Rebecca had time for a quick squeal. Dragging in a deep breath, she kicked out. He caught her ankle, but she was ready. Unresisting, she let him pull her under. Then, instead of fighting her way back to the surface, she wrapped her arms around him and sent them both rolling in an underwater wrestling match. They were still tangled, her arms around him, her hands hooked over his shoulders, when they surfaced.
“We’re even.” She gasped for air and shook the water out of her eyes.
“How do you figure?”
“If we’d had a mat I’d have pinned you. Want to go for two out of three?”
“I might.” He felt her legs tangle with his as she kicked out lazily. “But for now I prefer this.”
He was going to kiss her again. She saw it in his eyes, felt it in the slight tensing of the arm that locked them torso to torso. She wasn’t sure she was ready. More, she was afraid she was much too ready.
“Stephen?”
“Hmm?” His lips were a breath away from hers. Then he found himself underwater again, his arms empty. He should have been furious. He nearly was when he pushed to surface. She was shoulder-deep in the water, a few feet away. Her laughter rolled over him, young, delighted, unapologetic.

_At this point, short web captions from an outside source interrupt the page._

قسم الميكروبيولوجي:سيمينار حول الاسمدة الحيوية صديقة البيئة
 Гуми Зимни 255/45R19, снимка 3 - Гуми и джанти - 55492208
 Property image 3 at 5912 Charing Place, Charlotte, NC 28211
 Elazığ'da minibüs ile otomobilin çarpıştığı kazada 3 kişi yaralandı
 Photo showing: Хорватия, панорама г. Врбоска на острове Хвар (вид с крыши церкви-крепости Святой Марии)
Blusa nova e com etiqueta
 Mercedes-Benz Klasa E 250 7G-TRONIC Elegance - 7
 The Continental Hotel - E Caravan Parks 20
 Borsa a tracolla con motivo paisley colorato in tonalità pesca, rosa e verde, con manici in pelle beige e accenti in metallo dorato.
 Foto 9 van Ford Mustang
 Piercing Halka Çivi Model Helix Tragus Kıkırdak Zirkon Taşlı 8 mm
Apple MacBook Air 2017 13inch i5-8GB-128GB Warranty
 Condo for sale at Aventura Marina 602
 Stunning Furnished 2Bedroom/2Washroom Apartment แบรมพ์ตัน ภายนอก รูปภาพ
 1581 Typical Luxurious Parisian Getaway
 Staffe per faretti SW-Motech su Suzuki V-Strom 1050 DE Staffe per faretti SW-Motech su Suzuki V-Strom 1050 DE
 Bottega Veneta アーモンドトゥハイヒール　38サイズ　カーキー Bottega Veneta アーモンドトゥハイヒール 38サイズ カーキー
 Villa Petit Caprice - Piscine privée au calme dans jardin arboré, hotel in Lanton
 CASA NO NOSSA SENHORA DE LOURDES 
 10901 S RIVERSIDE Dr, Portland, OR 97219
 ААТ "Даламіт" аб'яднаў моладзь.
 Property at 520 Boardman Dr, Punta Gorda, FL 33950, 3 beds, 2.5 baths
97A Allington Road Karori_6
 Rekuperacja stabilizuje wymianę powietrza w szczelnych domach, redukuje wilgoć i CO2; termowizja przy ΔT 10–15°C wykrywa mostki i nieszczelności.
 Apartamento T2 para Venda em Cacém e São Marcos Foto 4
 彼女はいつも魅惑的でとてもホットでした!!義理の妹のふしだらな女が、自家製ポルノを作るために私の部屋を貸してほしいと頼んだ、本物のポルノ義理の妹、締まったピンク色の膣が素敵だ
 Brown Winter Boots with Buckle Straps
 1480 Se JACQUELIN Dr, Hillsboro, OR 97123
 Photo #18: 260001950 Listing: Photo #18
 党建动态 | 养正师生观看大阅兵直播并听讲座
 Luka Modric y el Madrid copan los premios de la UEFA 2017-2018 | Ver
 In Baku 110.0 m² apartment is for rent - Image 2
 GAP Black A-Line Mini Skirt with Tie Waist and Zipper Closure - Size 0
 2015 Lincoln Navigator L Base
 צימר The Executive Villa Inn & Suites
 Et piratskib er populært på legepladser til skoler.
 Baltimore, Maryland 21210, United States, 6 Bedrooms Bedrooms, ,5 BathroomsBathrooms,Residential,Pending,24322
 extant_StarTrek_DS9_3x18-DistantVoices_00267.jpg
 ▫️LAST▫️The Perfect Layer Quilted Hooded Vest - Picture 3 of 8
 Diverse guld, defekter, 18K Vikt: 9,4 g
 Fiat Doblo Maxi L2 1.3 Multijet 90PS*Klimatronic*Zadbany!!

“It was too easy.” She managed a startled “whoops” when he struck out after her. She might have made it—she had enough of a lead—but he swam as though he’d been born in the water. Still, she was agile, and she almost managed to dodge him, but her laughter betrayed her. She gulped in water, choked, then found herself hauled up into his arms in thigh-deep water.
“I like to win.” Deciding it was useless to struggle, she pressed a hand to her heart and gasped for air. “It’s a personality flaw. Sometimes I cheat at canasta.”
“Canasta?” The last thing he could picture the slim, sexy bundle in his arms doing was spending a quiet evening playing cards.
“I can’t help myself.” Still breathless, she laid her head on his shoulder. “No willpower.”